● **Your assignment**: In the records below, find the line containing "best oahu snorkel tour" and the line containing "Stock Image - Indoors. Fotosearch". Give again exactly those lines and every line between them, omitting the pictures.

● **Material supplied**:
-- -- --

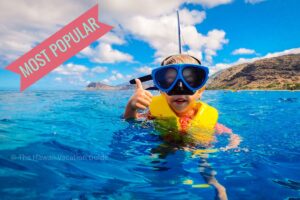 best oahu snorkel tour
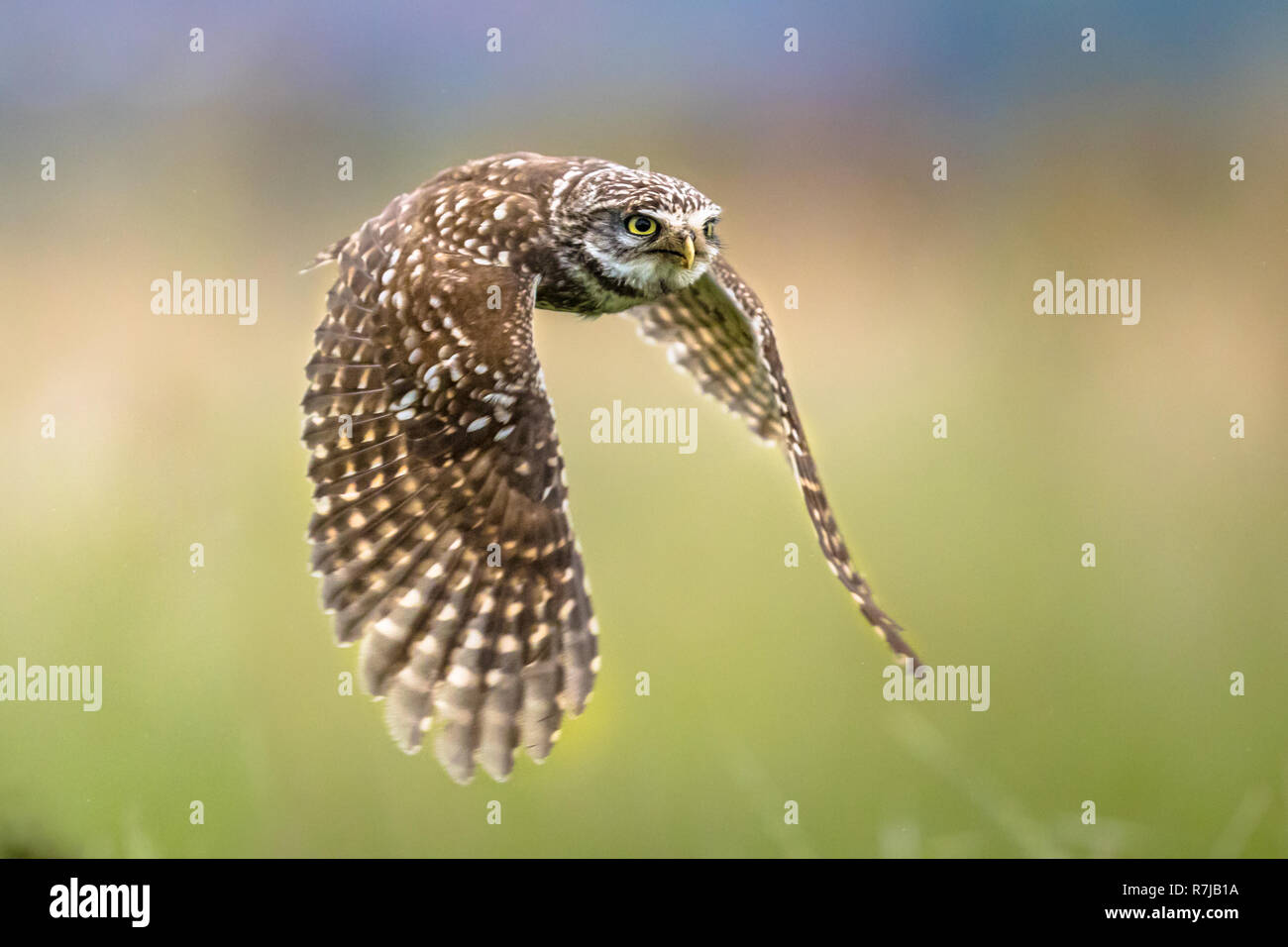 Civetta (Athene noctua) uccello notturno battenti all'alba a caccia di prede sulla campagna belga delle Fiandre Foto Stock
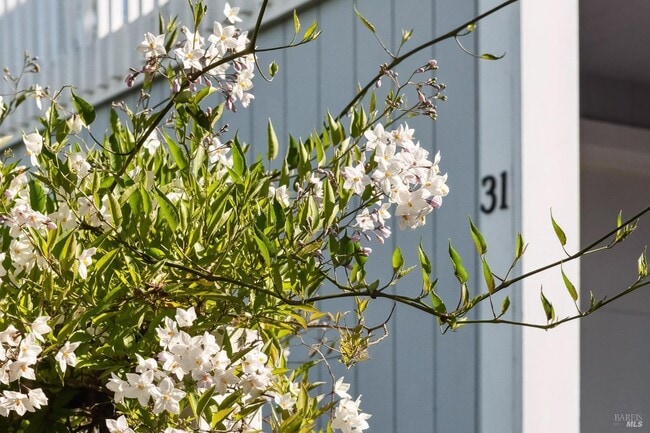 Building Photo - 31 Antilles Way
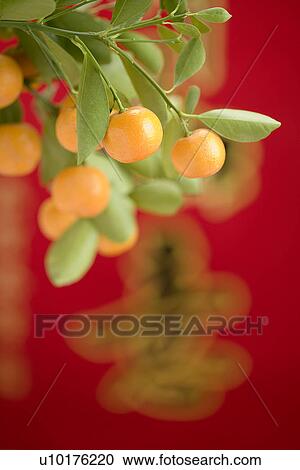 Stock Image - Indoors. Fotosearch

-- -- --

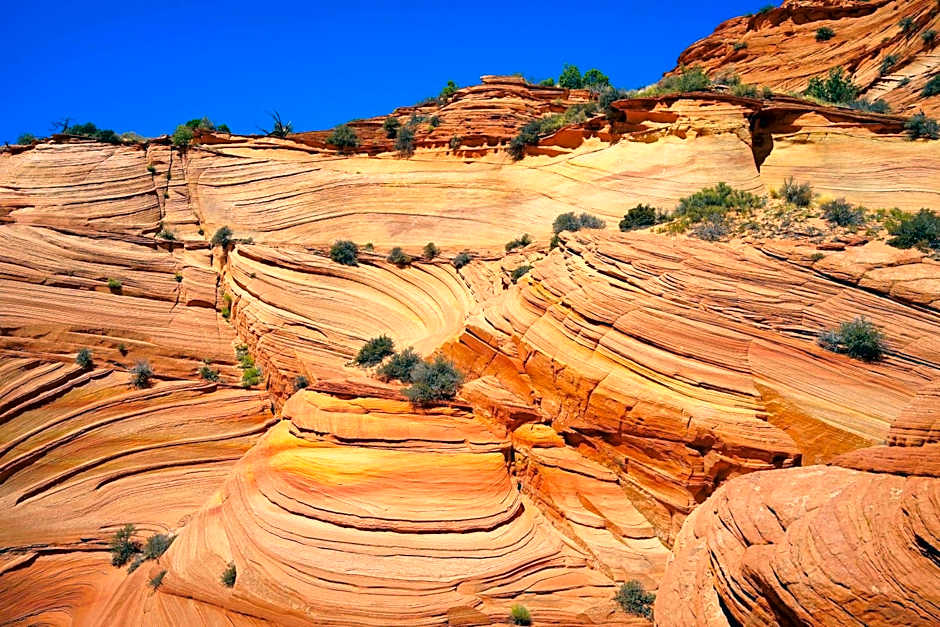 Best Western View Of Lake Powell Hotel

-- -- --

● **Answer**:
 best oahu snorkel tour
 Civetta (Athene noctua) uccello notturno battenti all'alba a caccia di prede sulla campagna belga delle Fiandre Foto Stock
 Building Photo - 31 Antilles Way
 Stock Image - Indoors. Fotosearch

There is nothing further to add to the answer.